**Assignment:** The answer must consist only of the lines in the records below from the line with "Porte-encens saumon orangé" to the line with "BLUSA CAYETANA MARRÓN", both included, copied word for word with every picture left out.

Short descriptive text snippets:

● ● ●

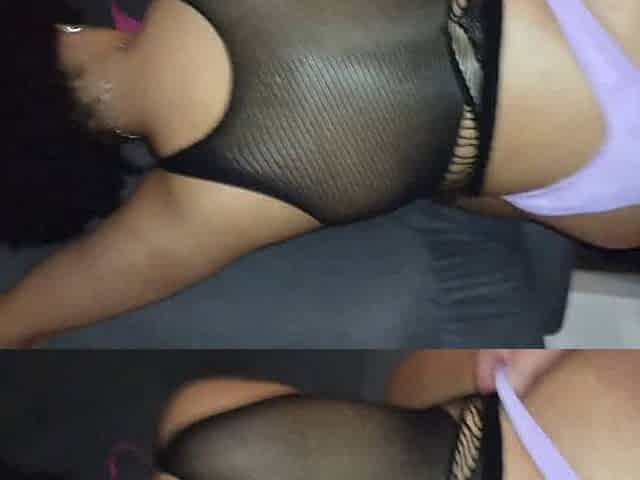 Tatiana tries on my wife's bikini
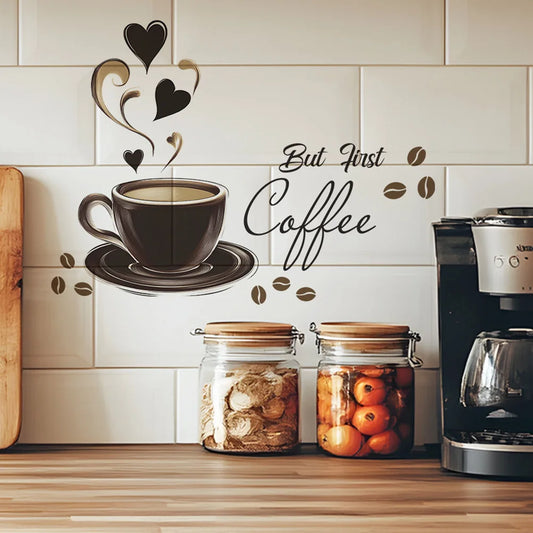 Coffee Cup Wall Sticker  Removable Wall Sticker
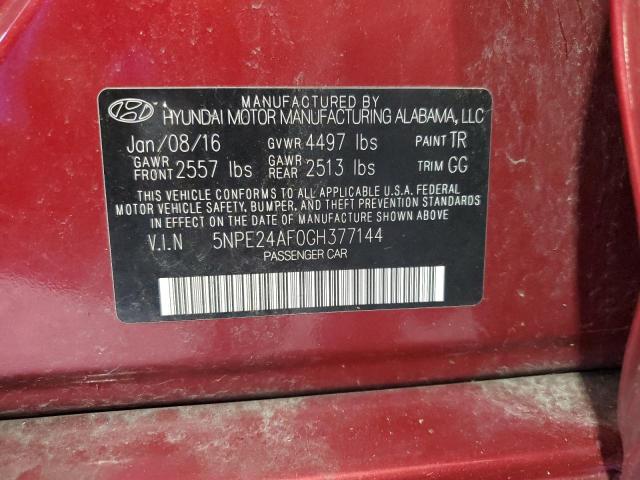 5NPE24AF0GH377144 - 2016 HYUNDAI SONATA SE RED photo 12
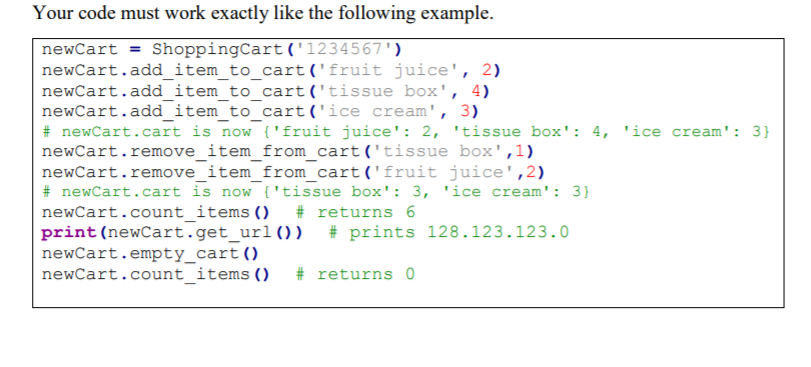 Solved Question 3. Create a ShoppingCart class. The class | Chegg.com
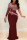Burgundy Fashion Sexy Patchwork Hot Drilling See-through Turtleneck Evening Dress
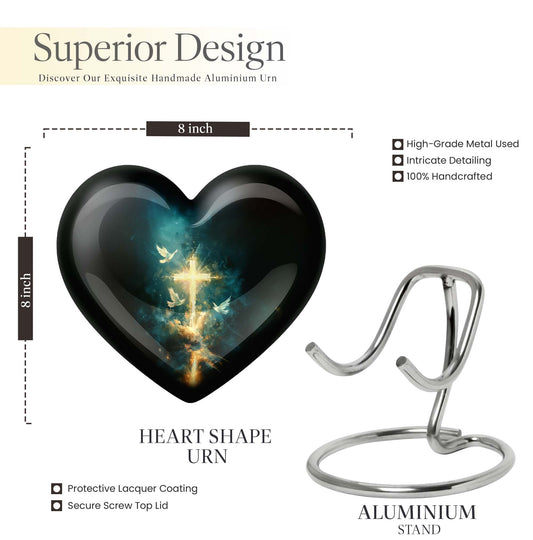 heart Urn featuring Aurora Borealis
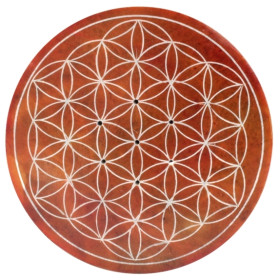 Porte-encens saumon orangé gravé Fleur de Vie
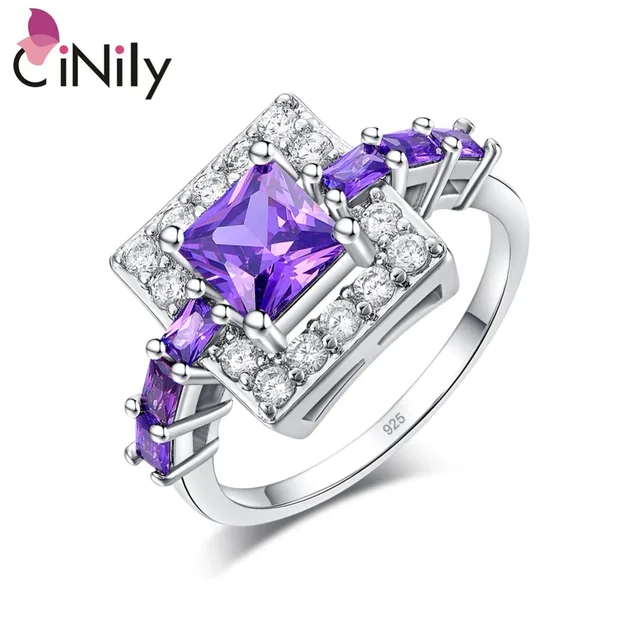 CiNily Luxury Full Crystal Stone Princess Ring Silver Plated Cut Zircon Purple V CiNily Luxury Full Crystal Stone Princess Ring Silver Plated Cut Zircon Purple V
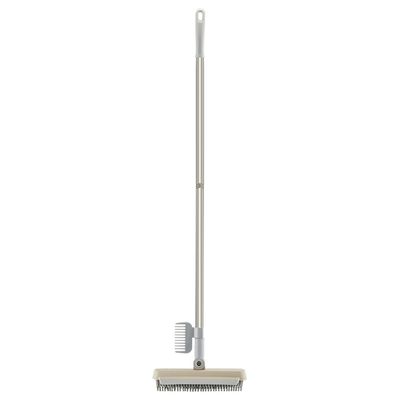 3 in 1 Floor Scrub Brush with Squeegee and Long Handle, 3 in 1 Silicone Crevice Grout Brush with 180 Degree Rotating Head for Floor Kitchen Bathroom Wall Deck Tile Cleaning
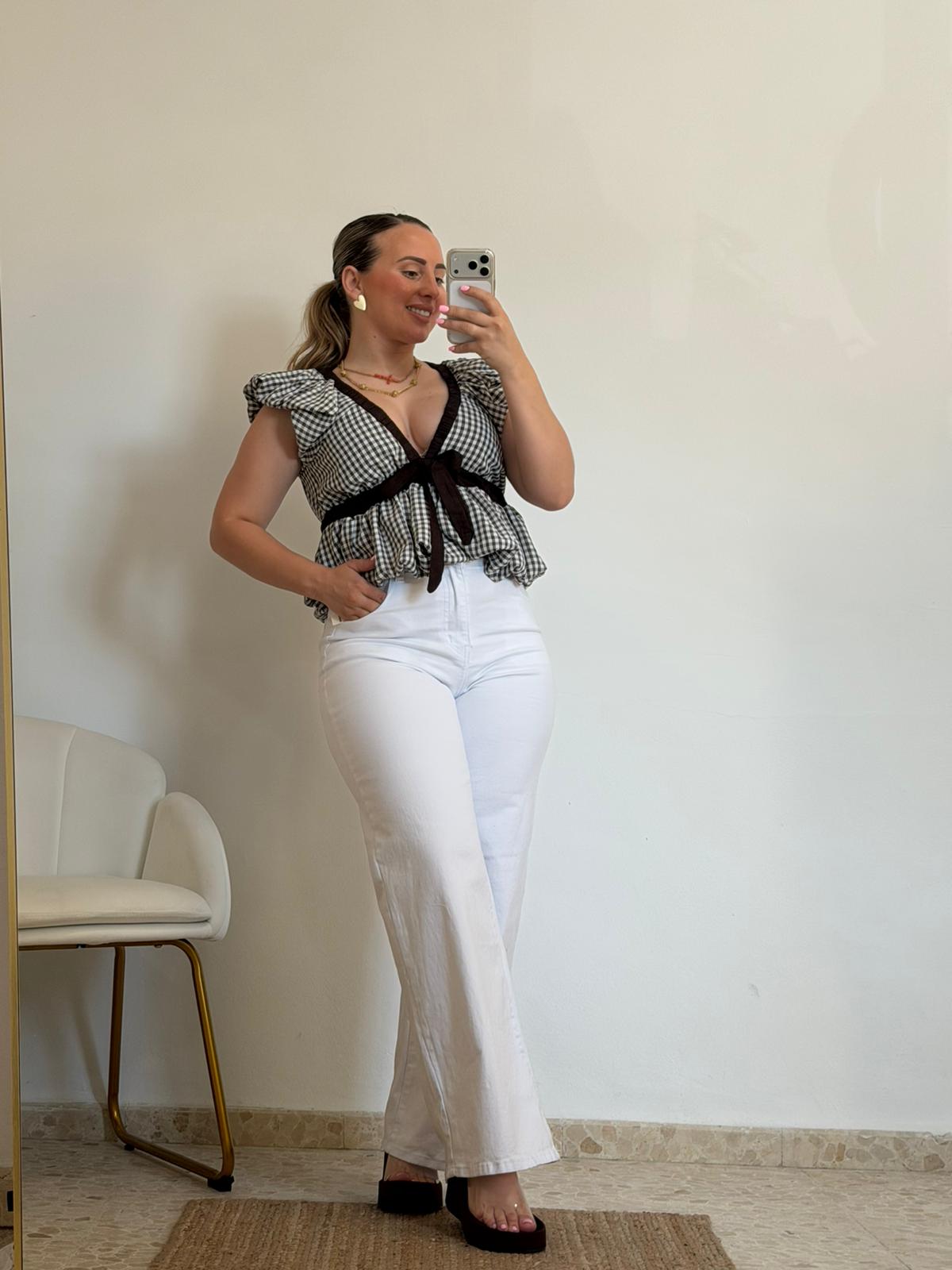 BLUSA CAYETANA MARRÓN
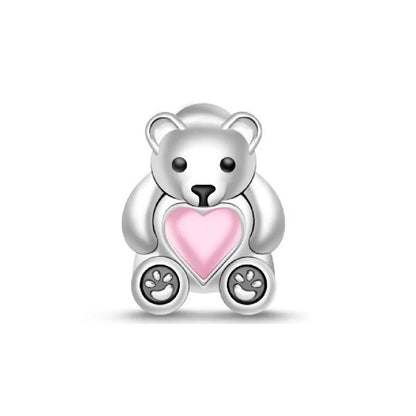 Spring Butterfly Heart Enamel Flower Charm Bead for Bracelets and Necklaces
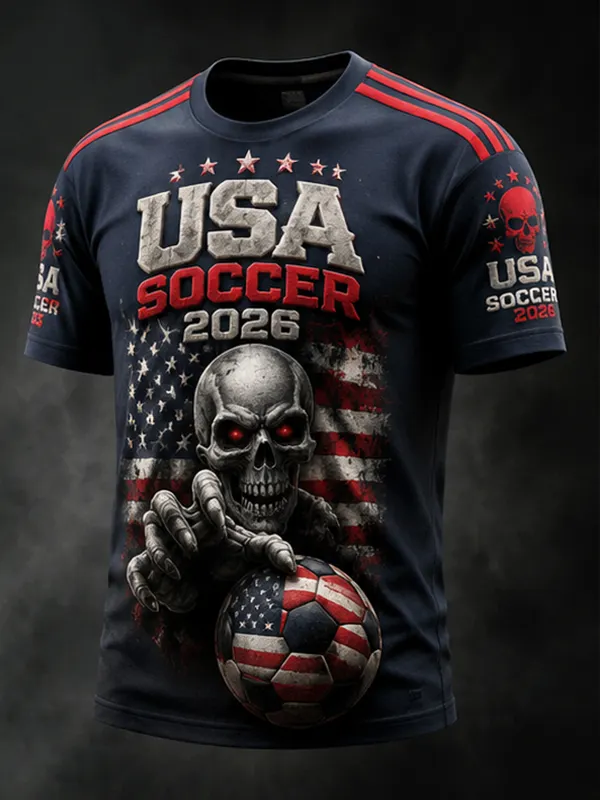 Men's Horror Skeleton USA Soccer Stars and Stripes Print Casual T-Shirt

● ● ●

**Answer space:**
 Porte-encens saumon orangé gravé Fleur de Vie
 CiNily Luxury Full Crystal Stone Princess Ring Silver Plated Cut Zircon Purple V CiNily Luxury Full Crystal Stone Princess Ring Silver Plated Cut Zircon Purple V
 3 in 1 Floor Scrub Brush with Squeegee and Long Handle, 3 in 1 Silicone Crevice Grout Brush with 180 Degree Rotating Head for Floor Kitchen Bathroom Wall Deck Tile Cleaning
 BLUSA CAYETANA MARRÓN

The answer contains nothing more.